We were pretty big fans of Rina Sawayama’s debut album, SAWAYAMA, dubbing it, “remarkably confident, addictive, and purposeful.” We weren’t alone in that assessment, either: Sawayama’s freshman effort has drawn heavy praise since it was released back in April, with numerous outlets heaping it with accolades.
All of which brings us to last week, when the shortlist for candidates for the U.K.’s annual Mercury Prize—celebrating the best album released by a British artist in any give year—was released. You’d think, given all the praise SAWAYAMA has received, that it’d be a shoe-in for, at least, consideration—especially since Sawayama has been a London resident since she was 5 years old, with her family having immigrated to the city from Japan.
But nope: Turns out that “Living in Britain for 82 percent of your life” doesn’t make you British enough for the Mercury Prize. Instead, you specifically need British or Irish citizenship, which Sawayama doesn’t have—because acquiring it would mean giving up her citizenship in Japan, where large portions of her family live. (Per Billboard, Sawayama instead has indefinite leave to remain status, which allows her to permanently live and work in the country—but not, apparently, to be honored for said work.)
In an interview published by Vice today, Sawayama spoke out about the snub, describing it as “othering.” “It was so heartbreaking,” she says, describing the moment she was told she was ineligible. “I rarely get upset to the level where I cry. And I cried.”

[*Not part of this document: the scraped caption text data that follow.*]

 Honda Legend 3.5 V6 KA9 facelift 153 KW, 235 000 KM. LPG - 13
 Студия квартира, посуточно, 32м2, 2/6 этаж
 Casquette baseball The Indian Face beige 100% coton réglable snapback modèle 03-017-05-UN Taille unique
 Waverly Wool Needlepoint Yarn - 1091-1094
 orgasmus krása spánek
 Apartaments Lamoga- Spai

I feel like I’ve contributed to the UK in a way that I think is worthy of being celebrated, or at least being eligible to be celebrated. I’ve lived here uninterrupted for the last 25 years. I’m only tax registered in this country. The whole album was recorded in the UK as well as in LA. It was mixed in the UK. My lyrics are in English, except for one verse in one song. If I was snubbed, I would be like, “Well, OK, fine… Let’s just make a better record and move on.” But the fact that I wasn’t even eligible is like… I don’t even know what that emotion was. It was othering.
The Mercury Prize isn’t the only U.K. award with a nationality clause attached to it; the BRIT Awards also have a series of “Best British” categories that require British or Irish citizenship in order to be eligible for them. “If arts awards are creating their own sort of version of border control around their eligibility, I think that’s really problematic, “ Sawayama said in the interview. “[As an immigrant], you get to a level when you don’t have to worry about your nationality and your status and whether you fit into this country. Things like that bring into sharp focus, like, whether I am even British. It’s just very upsetting.”
BPI, the organization that issues both the BRITs and the Mercury Prize, has issued a statement in response to Sawayama’s exclusion. “Both the BRIT Awards and the Hyundai Mercury Prize aim to be as inclusive as possible within their parameters, and their processes and eligibility criteria are constantly reviewed.”